The Gadget Man
Home
Viking, Minnesota

Rural Reflections Radio

 The Gadget Man

 

Recently of friend of mine described me as a "gadget man." I took just a little offense at this because I feel I have only the tools I absolutely need. Later , when faced with banks of cordless chargers and what my wife describes as a collection of gray cases, I decided I enjoy my gadgets a little too much.

The first gadget I can remember was the CB radio. My brother, Dave, had a CB in his car and I would hook our television antenna to my walkie-talkie so we could communicate. Later in life I developed a real affinity for anything cordless. Our house features so many battery chargers that I occasionally will burn out a battery by placing it in the wrong charger. I also like to create my gadgets. A good example would be the "snowbine." This was a Massey 510 combine with a snowblower mounted on the front. It never really worked out for me and I had to sell it. The problem was I became so involved with it that I lost perspective. I had plans to replace all of the control levers with pneumatic cylinders and control it with a joystick. Much like Frankenstein, I had lost control of my monster. I did learn a lot about hydraulics, gear cases and pneumatics and so the project was worth the effort.
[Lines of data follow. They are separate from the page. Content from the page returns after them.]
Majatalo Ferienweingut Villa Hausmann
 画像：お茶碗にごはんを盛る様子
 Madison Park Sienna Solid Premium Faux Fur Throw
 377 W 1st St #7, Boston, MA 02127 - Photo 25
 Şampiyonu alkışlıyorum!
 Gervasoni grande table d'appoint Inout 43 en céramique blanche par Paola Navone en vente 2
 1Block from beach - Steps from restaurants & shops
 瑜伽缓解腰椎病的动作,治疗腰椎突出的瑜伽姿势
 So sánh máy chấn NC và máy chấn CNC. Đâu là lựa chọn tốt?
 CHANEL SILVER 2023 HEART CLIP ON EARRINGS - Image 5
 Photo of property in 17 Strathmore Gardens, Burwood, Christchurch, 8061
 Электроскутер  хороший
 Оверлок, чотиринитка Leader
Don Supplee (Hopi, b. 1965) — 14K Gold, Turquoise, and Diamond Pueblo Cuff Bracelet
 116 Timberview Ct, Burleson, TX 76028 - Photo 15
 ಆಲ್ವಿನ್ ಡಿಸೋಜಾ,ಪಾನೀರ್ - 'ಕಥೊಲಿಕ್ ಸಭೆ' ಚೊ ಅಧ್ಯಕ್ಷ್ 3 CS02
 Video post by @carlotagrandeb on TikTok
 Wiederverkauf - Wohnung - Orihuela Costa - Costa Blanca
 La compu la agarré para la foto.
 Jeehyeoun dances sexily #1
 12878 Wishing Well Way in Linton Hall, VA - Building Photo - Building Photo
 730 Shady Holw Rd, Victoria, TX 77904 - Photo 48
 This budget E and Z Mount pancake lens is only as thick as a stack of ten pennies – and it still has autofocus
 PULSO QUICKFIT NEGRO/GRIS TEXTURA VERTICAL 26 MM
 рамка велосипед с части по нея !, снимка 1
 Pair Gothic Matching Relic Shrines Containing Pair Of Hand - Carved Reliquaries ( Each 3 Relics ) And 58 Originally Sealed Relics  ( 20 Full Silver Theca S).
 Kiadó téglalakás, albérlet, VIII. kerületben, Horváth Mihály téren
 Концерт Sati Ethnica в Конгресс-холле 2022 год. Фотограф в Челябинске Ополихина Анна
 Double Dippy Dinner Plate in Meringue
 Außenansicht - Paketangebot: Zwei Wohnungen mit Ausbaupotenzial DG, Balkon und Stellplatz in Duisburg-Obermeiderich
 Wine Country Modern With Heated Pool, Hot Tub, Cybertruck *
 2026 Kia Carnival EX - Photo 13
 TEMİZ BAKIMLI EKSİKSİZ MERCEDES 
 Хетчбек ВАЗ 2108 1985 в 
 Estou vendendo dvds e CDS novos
I’ve discovered this much in my experience with gadgets. I’m a mechanical guy. I’m okay with hydraulics or electronics but I really shine when I focus on pulleys, belts, gears and levers. I once created an air operated head gate for my cattle but it really never worked. The air cylinder was too slow and it was hard to operate. What finally worked were some fifty year-old pulleys from my dad’s barn, a little rope and two rusty springs. I believe my affinity for gadgets reached new heights this Fall. I had overcharged the spot light I used to check cattle rendering it useless. Now a small flashlight might have been plenty but I needed something more-a gadget. I purchased a spotlight named "Thor." (I’m not kidding) Thor weighs about fifteen pounds and is the size of a small toolbox but really earns it’s powerful name when used. It’s first switch gives you an adequate half million candlepower but that beam serves merely to create a pilot hole for the ten million candlepower switch. I sometimes worry it’s so bright that airplanes may mistake our yard for a landing strip. My dad worries I am going to blind the cattle with it so I use the big light only sparingly or if I want to check for deer in a three mile radius.

I like gadgets but most are very useful. I think I can justify most of them without any problem. Now you’ll have to excuse while I go attend to our cats’ automated, filtered, waterfall cat dish.